Authors: James Myers, Sebastian Karcher, Sebastian Ostrowski, Nic Weber
Title: Simple, Standards-based Archiving in Dataverse
Submission: https://doi.org/10.5281/zenodo.3384296
Open review: https://github.com/researchobject/ro2019/issues/6
Submitted as: RO2019 poster
Decision: accept

Review 1

Review by: Peter Sefton https://orcid.org/0000-0002-3545-944X

Quality of Writing

Good

(but it would be good to make processes clearer by making agency more explicit in some of the processes described instead of “ In the current implementation, each version of a Dataset is archived as a single zip file (accompanied by a redundant datacite.xml file to simplify discovery”

I would put it like: “The software archives each version of a Dataset as a single zip file …” (and so for what administrators and programmers and end users do)

Research Object / Zenodo

URL for a Research Object or Zenodo record provided? Guidelines http://researchobject.org/ro2019/submitting followed? Open format (e.g. HTML)? NO Sufficient metadata, e.g. links to software? NO - Could not find a link to the software Some form of Data Package provided? NO - could have had an example by packaging the PDF and source files.

(delete as appropriate)

basic (e.g. Zenodo with PDF and minimal metadata)

Overall evaluation

This submission describes an additional service for the Dataverse software which creates archival packages and sends them to a couple of services. I think it should be made more explicit what sending means? What protocols/methods are used? “QDR has created classes that send zipped BagIt archive files to DuraCloud (from which content can then be sent into Chronopolis) or Google’s Cloud Storage (including the least-expensive ‘cold’ storage)”.

This statement is also problematic in that it takes a bit of a shortcut: “They produce a single archive file per Dataset version that is human and machine readable, providing a complete copy of research published through Dataverse that can be preserved using any repository providing file or object (e.g. S3) storage.” The archive files seem to be zip files - which are NOT human readable, and it’s debatable whether OAI-ORE is human readable. I couldn’t tell from the example where I might find the example “Hamilton_ATI Data Overview.pdf” file in the zip file.

But, those issues aside this looks like a useful contribution to the workshop and the art of data packaging.

Review 2

Review by: Stian Soiland-Reyes https://orcid.org/0000-0001-9842-9718

Quality of Writing

Is the text easy to follow? Are core concepts defined or referenced? Is it clear what is the author’s contribution?

good

Some typos in the citations in the PDF - e.g. “BagIt standards3” and “RDRI recommends4” should use “[3]” etc.

References 1, 2, 5, 6 don’t have corresponding inline references which should beinserted.

Figure 1 has placeholder caption “This is a caption”

Research Object / Zenodo

[x] URL for a Research Object or Zenodo record provided? [x] Guidelines http://researchobject.org/ro2019/submitting followed? [x] Open format (e.g. HTML)? [ ] Sufficient metadata, e.g. links to software? [ ]Some form of Data Package provided?

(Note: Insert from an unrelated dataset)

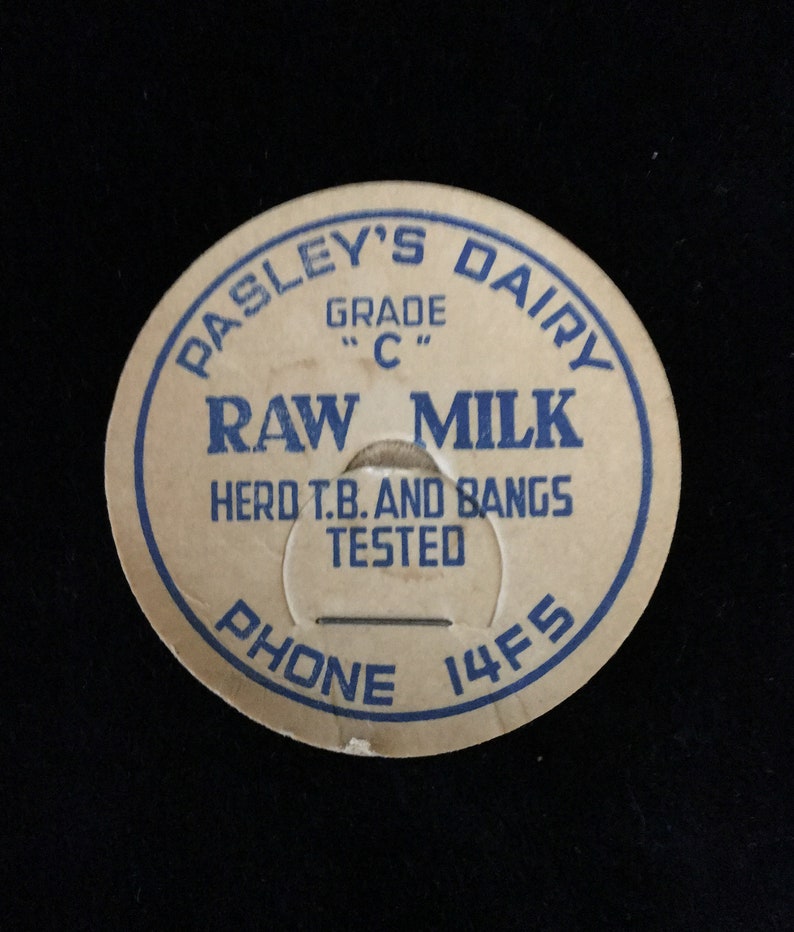 1916 Pasley's Dairy Milk Cap and 1955 Pleasant Farms One | Etsy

basic (e.g. Zenodo with PDF and minimal metadata)

As the abstract is quite well structured and has 6 references it would be good if these also appeared as “Related identifiers” in the Zenodo record, or at least was hyperlinks from the PDF.

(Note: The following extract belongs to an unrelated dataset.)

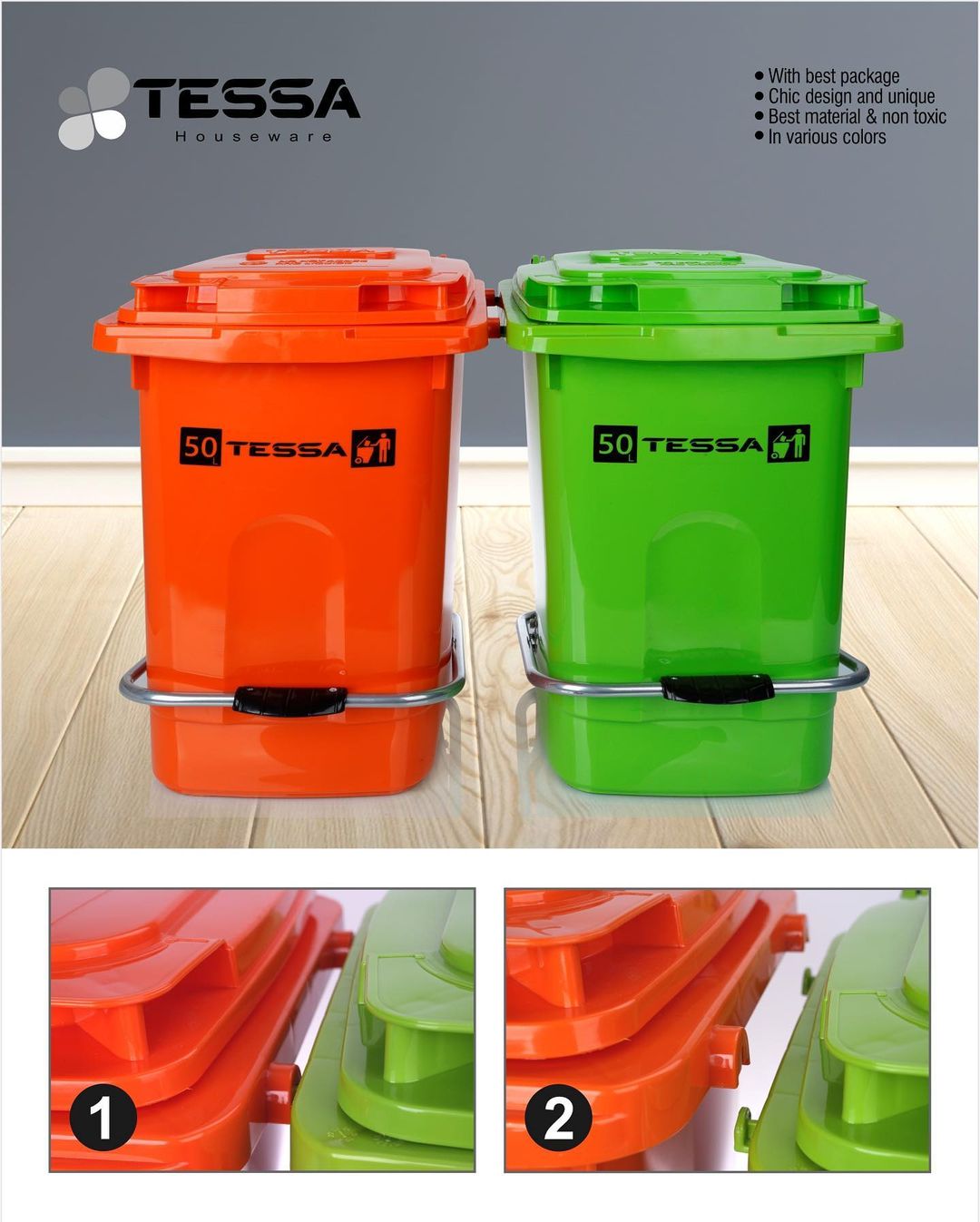 Tessa Garbage Bin Foot Pedal 50 Liter Iran Made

A link to the Dataverse software would also fit as a Related Identifier.

The Zenodo record do not specify the ORCID identifiers for any of the authors.

Overall evaluation

strong accept

This abstract describes how Dataverse has been extended to support RDA data packaging recommendations for archiving along with recommended standards like BagIt. Structured metadata is examplified with the use of OAI-ORE combined with schema.org and other vocabularies.

Beyond checksums the text does not describe much about where the metadata comes from, presumably from Dataverse registration fields? Thoughts on how this could be used or expanded would be interesting, particularly considerations around if Dataverse could import such metadata from uploaded data packages as well (e.g. Dataverse-to-archive-to-Dataverse transfer).

I think this poster would be a strong fit for the RO2019 workshop, in particular for data packaging, infrastructure and metadata. It would be nice if the authors would also be able to demo the software during the unconference session.